On 05/01/2012 10:02, Jon Fairbairn wrote:

Steve Horne  writes:


Personally, I think this is a tad disappointing. Given that
groupBy cannot check or enforce that it's test respects
equivalence classes, it should ideally give results that
make as much sense as possible either way. That said, even
if the test was always given adjacent elements, there's
still room for a different order of processing the list
(left-to-right or right-to-left) to give different results -
and in any case, maybe it's more efficient the way it is.

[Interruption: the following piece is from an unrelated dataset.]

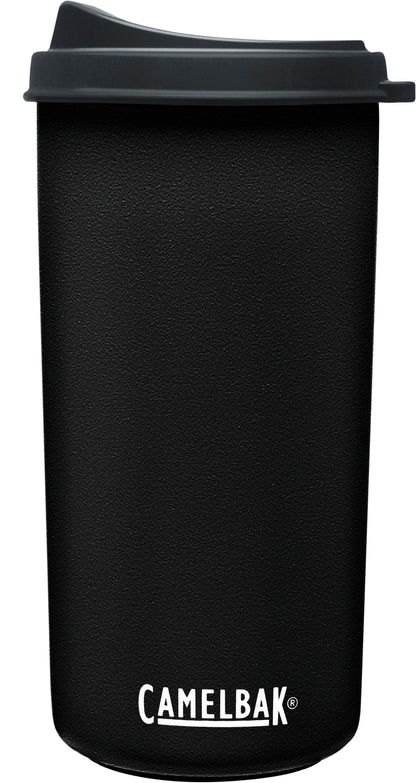 Camelbak MultiBev 22 oz Bottle / 16 oz Cup in Black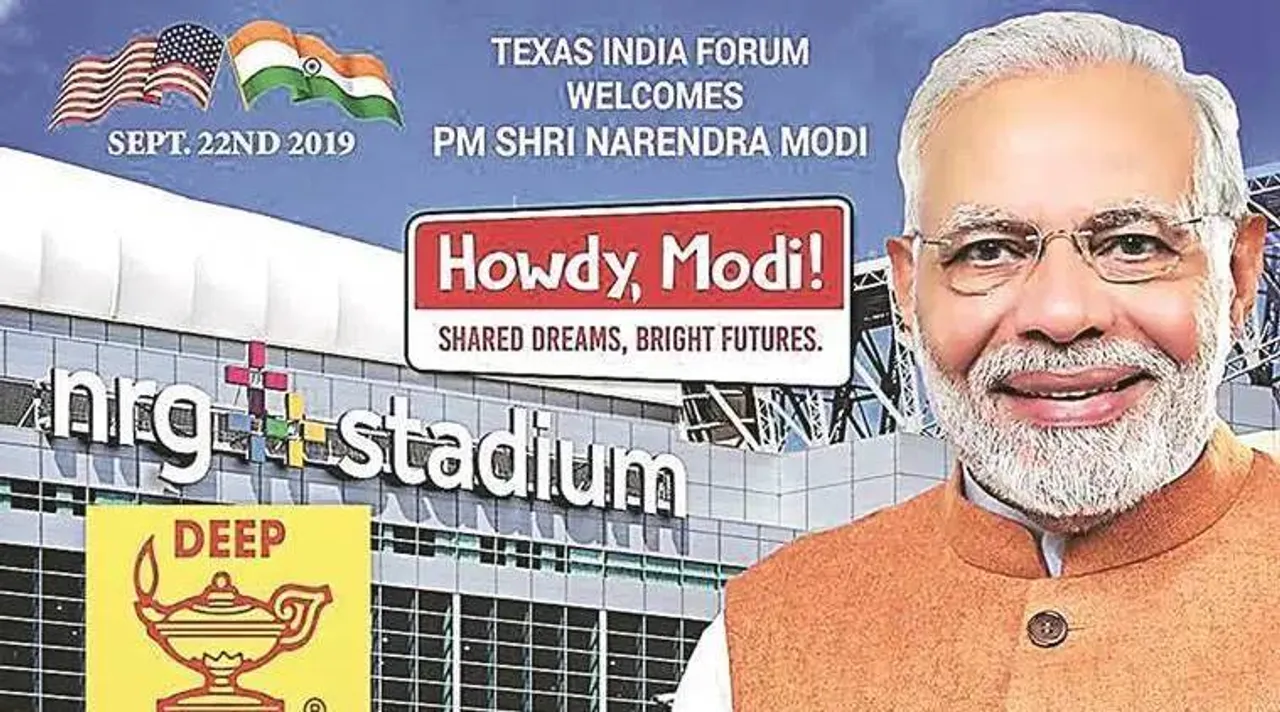 howdy modi, howdy modi telecast, howdy modi online watch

Looking back at the libraries list, I get the impression that
there was a suggestion to change the behaviour of groupBy, but
it doesn’t seem to have happened.


I've realised that the left-to-right vs. right-to-left order thing makes 
no difference - I don't know why I thought that now.


I've written an implementation, only the predicate is inverse-logic - 
True means cut-between-these rather than keep-these-together.


I keep thinking there should be a tail-recursive implementation, but the 
usual trick would either mean using ++ or difference lists or similar, 
or would deliver the results in reverse order. If anyone can think of a 
way to get the correct result in one pass through the list (assuming 
tail recursion is optimised), I'm curious.


Or... does non-strict evaluation mean I shouldn't worry about it? Maybe 
it does a good job of evaluating the head quickly anyway, as the data 
dependencies are quite localized? I've been wondering how lazy 
evaluation interacts with recursion over lists in performance terms for 
a while.


  --  groupCut - Similar to groupBy, but where groupBy assumes an 
equivalence relation,
  --  groupCut takes a function that indicates where to cut. The two 
parameters to this
  --  function are always adjacent items from the list, and if the 
function returns True,

  --  a cut is done between the two items.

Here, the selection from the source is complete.